Evaluation of notch stress intensity factors by the asymptotic expansion technique coupled with the finite element method

Abstract

• The asymptotic expansion technique coupled with the FEM is proposed to evaluate notch stress intensity factors . • The singular order, stress angular function and amplitude coefficient in stress asymptotic field of a V-notch can be yielded. • There no special element is needed while the high computational accuracy is obtained. • The proposed method can be implanted into the commercial FE software to analyze V-notches in engineering structures. A characteristic analysis method coupled with the finite element method is proposed to calculate stress intensity factors for V-notches, in which the notched structure is divided into a singular stress sector and the remained part.

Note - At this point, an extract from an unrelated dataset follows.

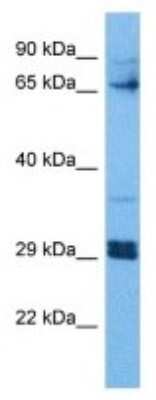 Western Blot: ZBTB5 Antibody [NBP3-09993] - Western blot analysis of ZBTB5 in Human 293T Whole Cell. Antibody dilution at 1.0ug/ml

The asymptotic expansions are introduced into the singular stress region to transform elastic governing equations into characteristic ordinary differential equations. The established equations are solved by the interpolating matrix method to provide stress singular orders and characteristic angular functions. The asymptotic solution in the singular stress region is then coupled with finite element equations built on the remained structure by interfacial continuous conditions to establish the system equations. Thus, the amplitude coefficients in the stress asymptotic expansions can be determined. The notch stress intensity factors can be evaluated after the stress angular functions and amplitude coefficients being obtained. A symmetric V-notch and an inclined V-notch are respectively investigated to verify the accuracy of calculated notch stress intensity factors by the proposed method through comparing with the reference ones. Due to only conventional finite element method is needed, the proposed method can be freely implanted into commercial finite element software to analyze the singular stress for the V-notched engineering structures. This method can be also easily generalized to analyze the singular physical field for V-notches in composite materials.